API 11: Create dataset

how to use create_dataset in kan.utils

Standard way

from kan.utils import create_dataset
import torch

device = torch.device('cuda' if torch.cuda.is_available() else 'cpu')
print(device)

f = lambda x: x[:,[0]] * x[:,[1]]
dataset = create_dataset(f, n_var=2, device=device)
dataset['train_label'].shape

cuda

torch.Size([1000, 1])

Lazier way. We sometimes forget to add the bracket, i.e., write x[:,[0]] as x[:,0], and this used to lead to an error in training (loss not going down). Now the create_dataset can automatically detect this simplification and produce the correct behavior.

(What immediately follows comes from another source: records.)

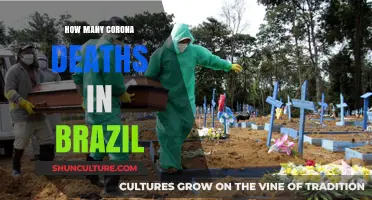 Brazil's COVID-19 Tragedy: Tracking Coronavirus Fatalities and Impact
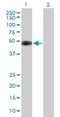 Cyclin-dependent kinase 5 activator 2 antibody, H00008941-B01P, Novus Biologicals, Western Blot image 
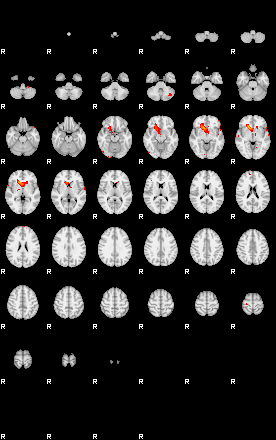 Patients 29102 28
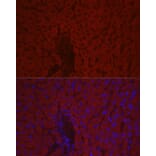 Immunofluorescence - Anti-Factor X Antibody (A90560) - Antibodies.com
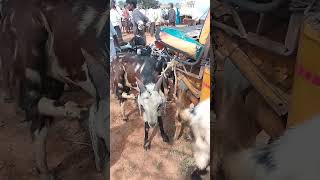 VM Sheep Farmsheepfarm animals achampet sheeps goat trendingshorts viralshort short [upl. by Krigsman]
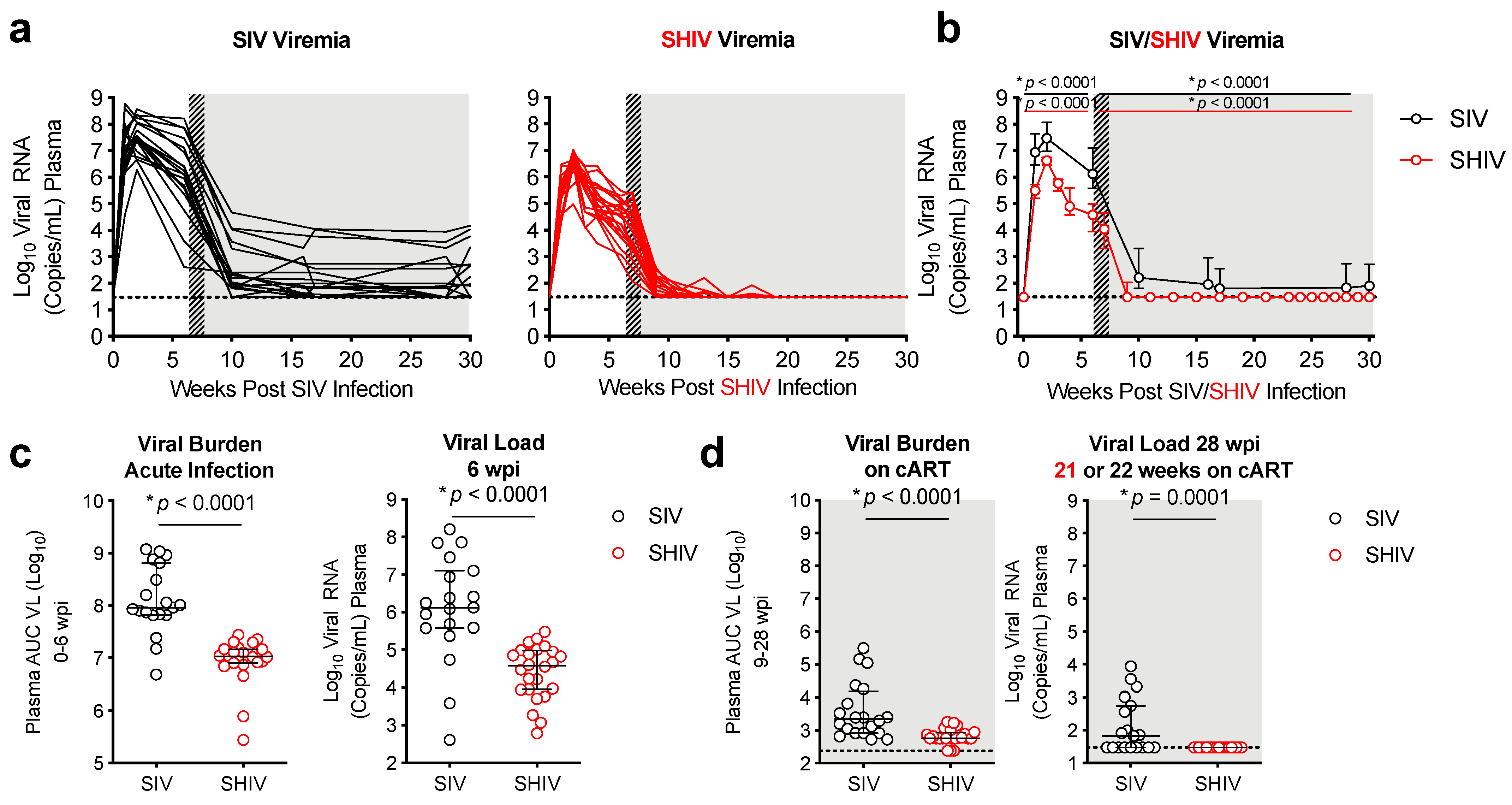 Viruses 13 01609 g002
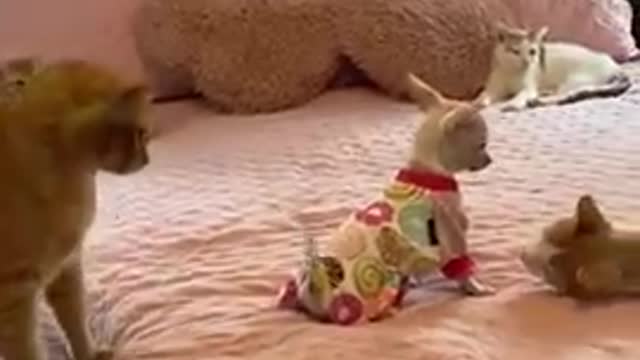 Funniest viral Cat and Dog video on the internet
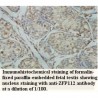 ZFP112 Antibody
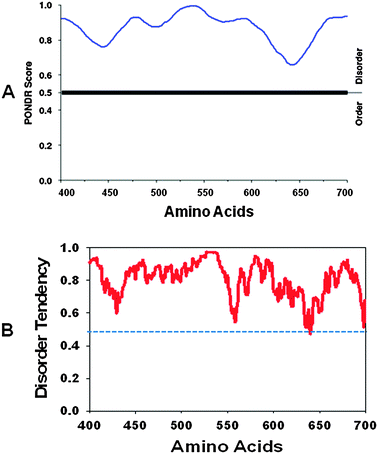 (A) PONDR plot for amino acids 400–700 of ULK1 protein disorder prediction (www.pondr.com) as described in ref. 55 and 56. The X-axis shows amino acid numbers in the ULK1 protein sequences, and the Y-axis shows the probability score. (B) IUPred plot for ULK1 protein (amino acids 400–700) disorder prediction (http://iupred.enzim.hu) as described in ref. 57. Scores above 0.5 are considered to be disordered sequences.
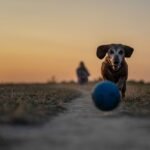First monoclonal antibody for dogs with osteoarthritis pain approved by FDA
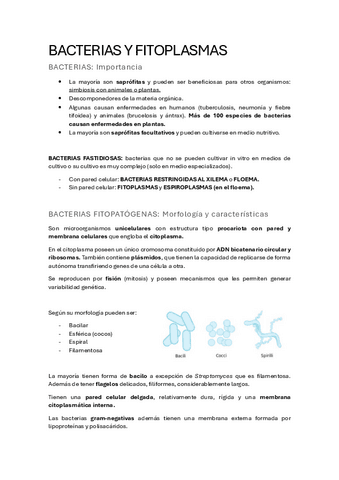 TEMA_3_BACTERIAS Y FITOPLASMAS.pdf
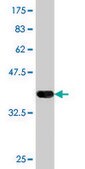 Monoclonal Anti-ROCK2 antibody produced in mouse clone 2A4, purified immunoglobulin, buffered aqueous solution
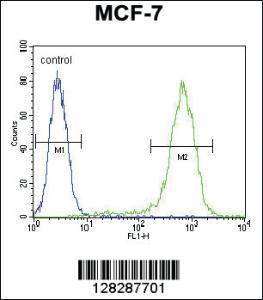 Anti-LYSMD4 Rabbit Polyclonal Antibody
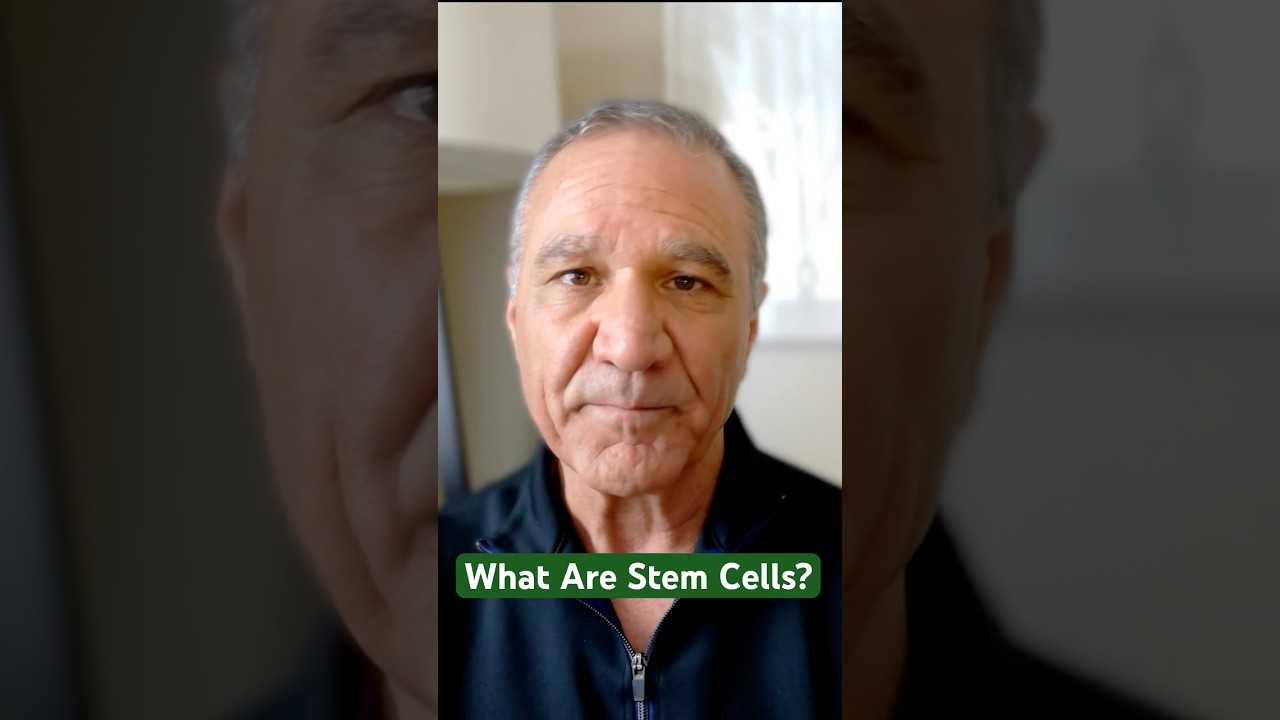What Are Stem Cells?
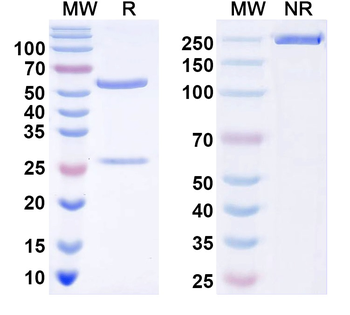 BSA Monoclonal Mouse Monoclonal Antibody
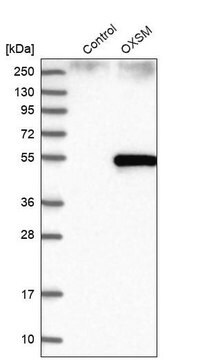 Anti-OXSM antibody produced in rabbit Prestige Antibodies&#174; Powered by Atlas Antibodies, affinity isolated antibody, buffered aqueous glycerol solution, Ab3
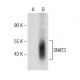 SNAT3 Antibody (H-7) - Western Blotting - Image 146413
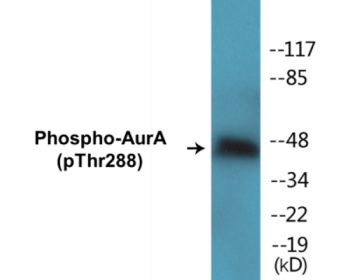 Western blot analysis of extracts from 293 cells treated with serum 20% 15', using Aurora Kinase (Phospho-Thr288) Antibody.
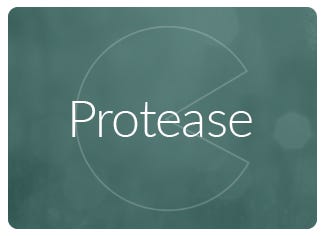 Protease Enzyme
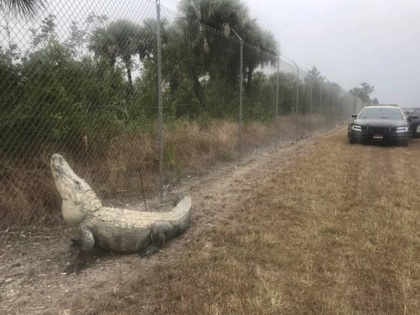 Massive Alligator Found Wandering On Road Of Florida Amist Coronavirus Lockdown | Coronavirus: लॉकडाउन के बीच फ्लोरिडा की सड़क पर दिखा घड़ियाल, वन्यजीव अधिकारियों ने जारी की चेतावनी, वीडियो वायरल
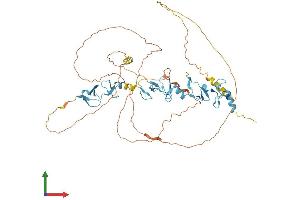 Protein Structure (PS) image for Ajuba LIM Protein (AJUBA) (AA 1-547) protein (His tag) (ABIN7564811)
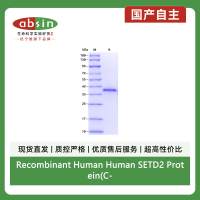 Recombinant Human Human SETD2 Protein(C-His Tag)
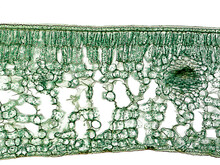 Chloroplasts Within The Plant Cells. Cross Section Of A Camellia Leaf, That Show Their General Internal Structure (cuticle, Palisade Parenchyma, Spongy Parenchyma, Vascular Bundles, Epidermis). 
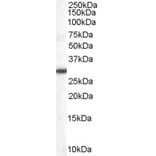 Western Blot - Anti-DDAH2 Antibody (A83805) - Antibodies.com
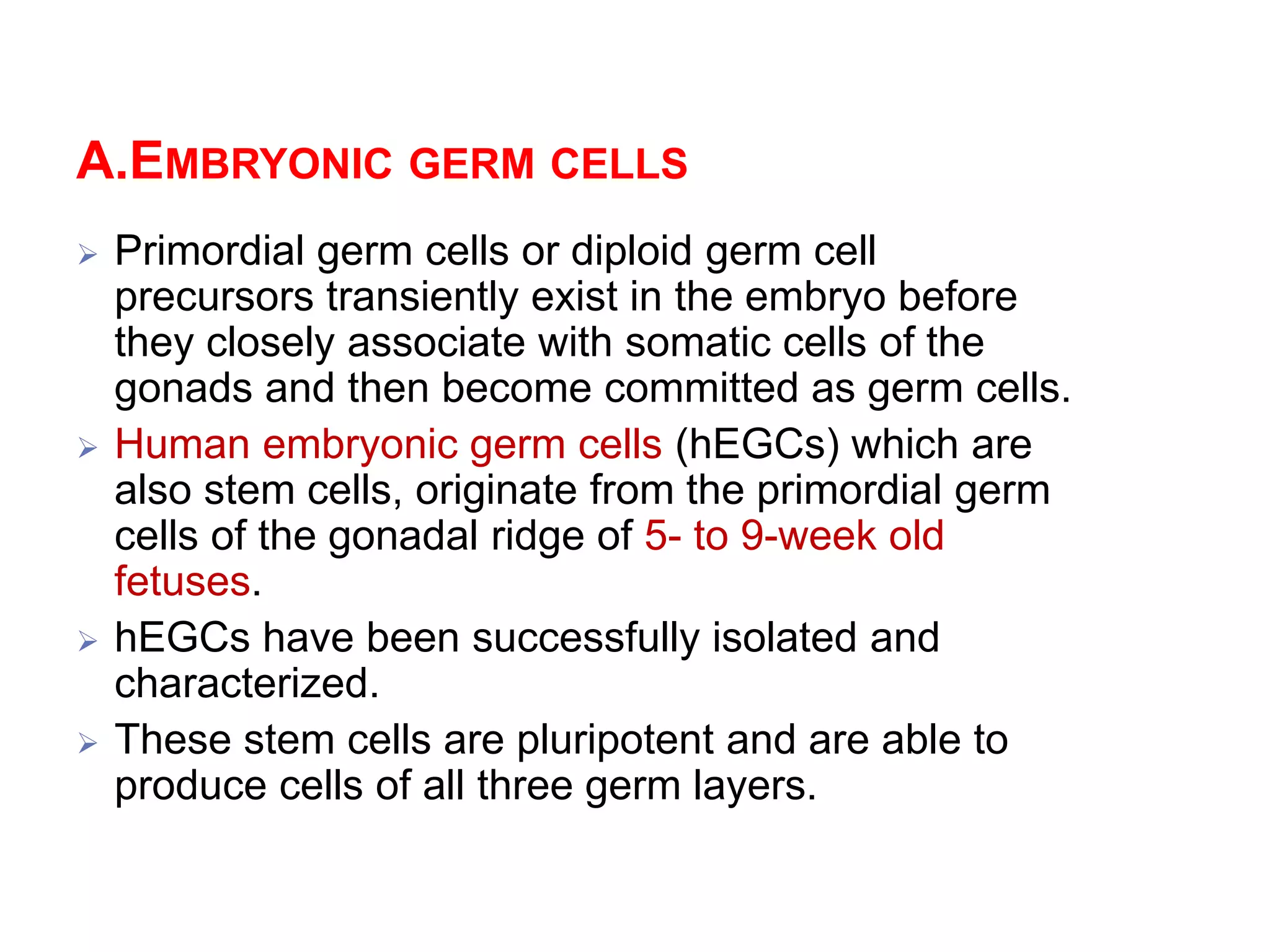 A.EMBRYONIC GERM CELLS
 Primordial germ cells or diploid germ cell
precursors transiently exist in the embryo before
they closely associate with somatic cells of the
gonads and then become committed as germ cells.
 Human embryonic germ cells (hEGCs) which are
also stem cells, originate from the primordial germ
cells of the gonadal ridge of 5- to 9-week old
fetuses.
 hEGCs have been successfully isolated and
characterized.
 These stem cells are pluripotent and are able to
produce cells of all three germ layers.
 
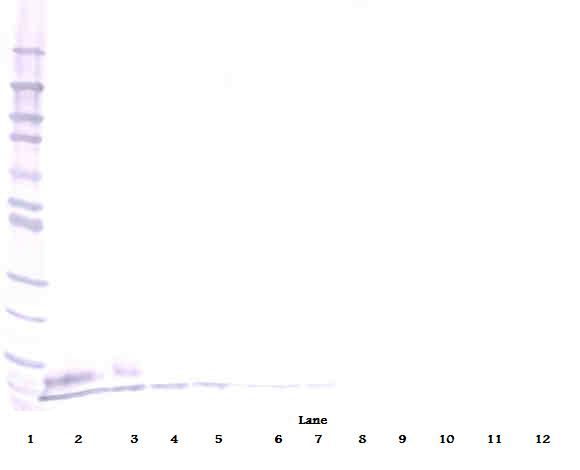 EGF Antibody - Western Blot (reducing) of EGF antibody. This image was taken for the unconjugated form of this product. Other forms have not been tested.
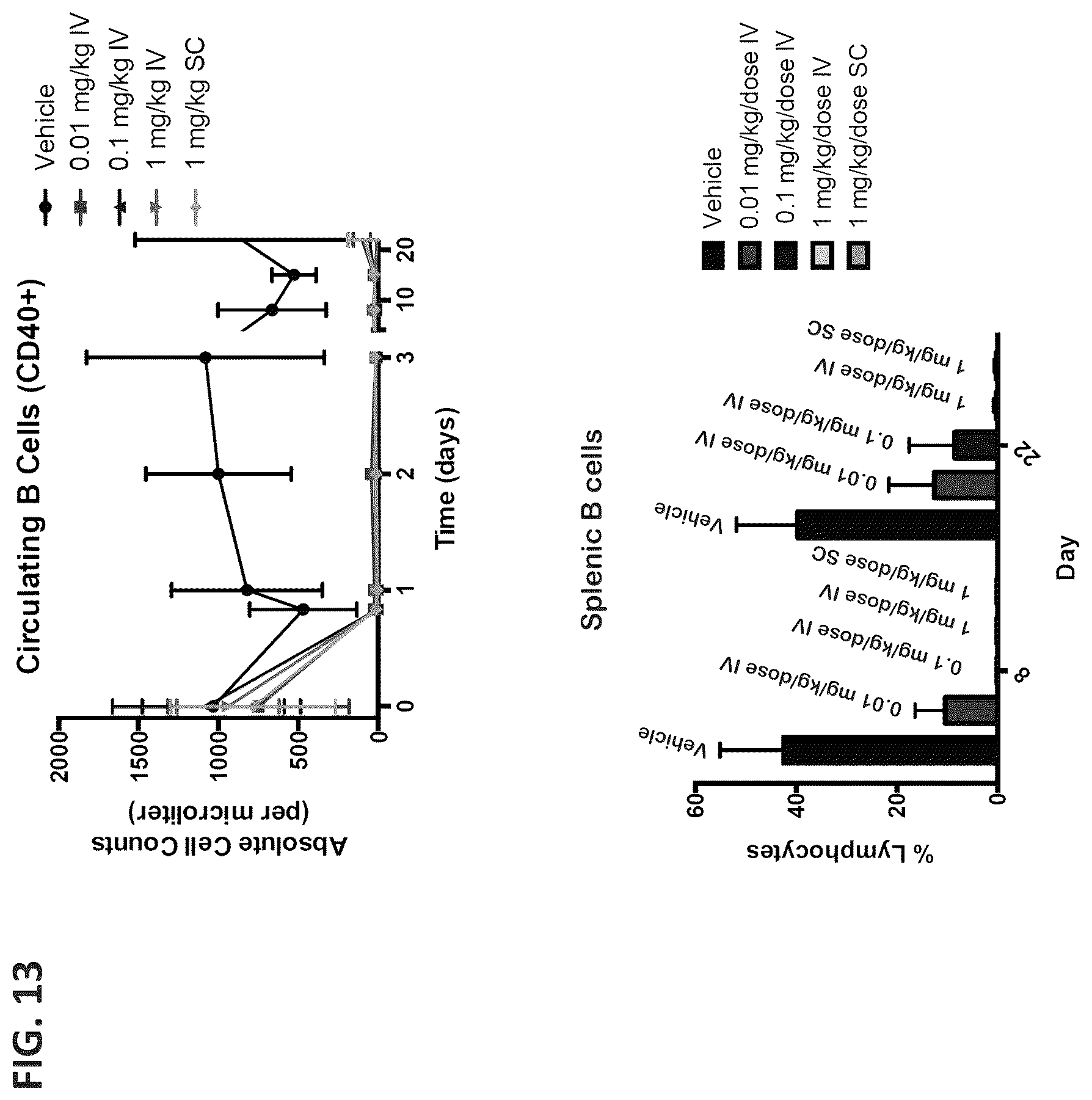 Patent US12492261 Figure 13 – Subcutaneous dosing of anti-CD20/anti-CD3 bispecific antibodies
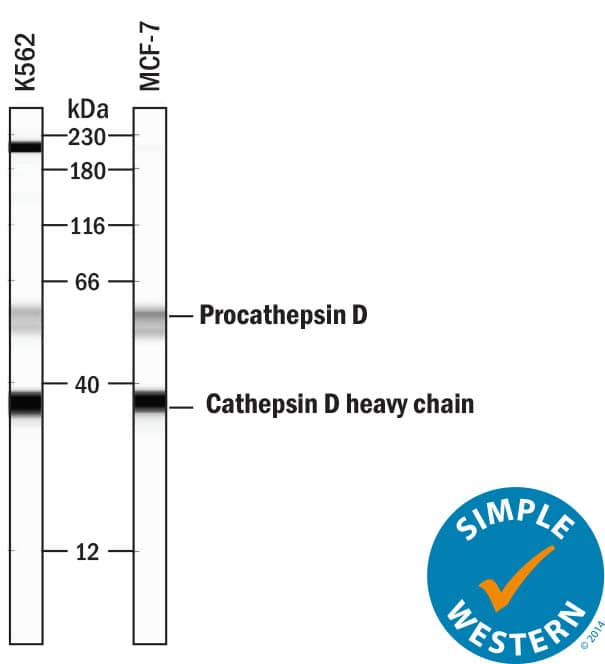 Simple Western lane view shows lysates of K562 human chronic myelogenous leukemia cell line and MCF-7 human breast cancer cell line, loaded at 0.2 mg/mL. Specific bands were detected for Procathepsin D at approximately 55 kDa and Cathepsin D heavy chain at approximately 37 kDa (as indicated) using 50 µg/mL of Goat Anti-Human Cathepsin D Antigen Affinity-purified Polyclonal Antibody (Catalog # AF1014) followed by 1:50 dilution of HRP-conjugated Anti-Goat IgG Secondary Antibody (Catalog # HAF109). This experiment was conducted under reducing conditions and using the 12-230 kDa separation system. Non-specific interaction with the 230 kDa Simple Western standard may be seen with this antibody.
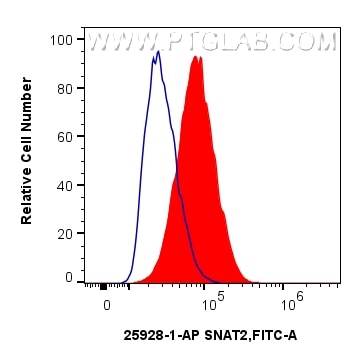 FC experiment of A549 using 25928-1-AP (same clone as 25928-1-PBS) Flow cytometry (FC) experiment of A549 cells using SNAT2 Polyclonal antibody (25928-1-AP)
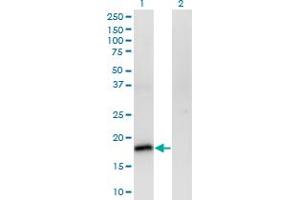 Western Blot analysis of POU5F1 expression in transfected 293T cell line by POU5F1 monoclonal antibody (M01), clone 1D2. (OCT4 antibody  (AA 81-164))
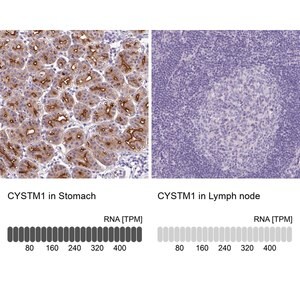 Merck Anti-CYSTM1 antibody produced in rabbit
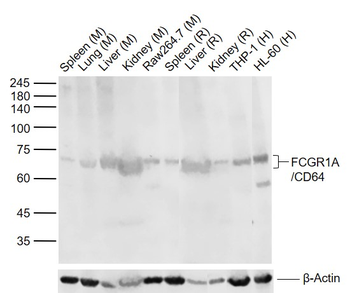 FCGR1A/CD64 Rabbit Polyclonal Antibody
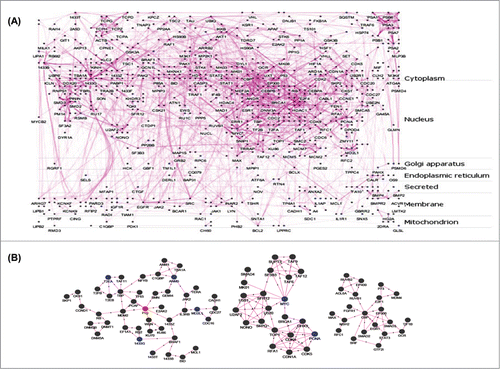 Figure 2. Protein-protein interaction (PPI) networks and sub-networks formed by the altered genes. (A) The set of 253 unique differentially expressed genes were assessed for their interacting partners using the APID2NET plugin in Cytoscape. The resultant PPI network composed of 818 nodes and 2794 edges and was used to generate a layered network based on subcellular localization of the 818 proteins. Blue colored nodes are representative of proteins encoded by the differentially expressed genes while the gray ones are the interacting partners. (B) The PPI as in ‘A’ was used to identify sub-networks using the MCODE clustering algorithm and the top 3 node-dense networks are shown.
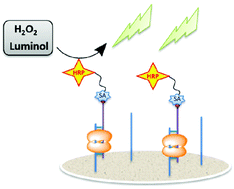 Graphical abstract: Antibody free ELISA-like assay for the detection of transcription factors based on double-stranded DNA thermostability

f = lambda x: x[:,0] * x[:,1]
dataset = create_dataset(f, n_var=2, device=device)
dataset['train_label'].shape

torch.Size([1000, 1])

Laziest way. If you even want to get rid of the colon symbol, i.e., you want to write x[;,0] as x[0], you can do that but need to pass in f_mode = ‘row’.

f = lambda x: x[0] * x[1]
dataset = create_dataset(f, n_var=2, f_mode='row', device=device)
dataset['train_label'].shape

torch.Size([1000, 1])

if you already have x (inputs) and y (outputs), and you only want to partition them into train/test, use create_dataset_from_data

import torch
from kan.utils import create_dataset_from_data

x = torch.rand(100,2)
y = torch.rand(100,1)
dataset = create_dataset_from_data(x, y, device=device)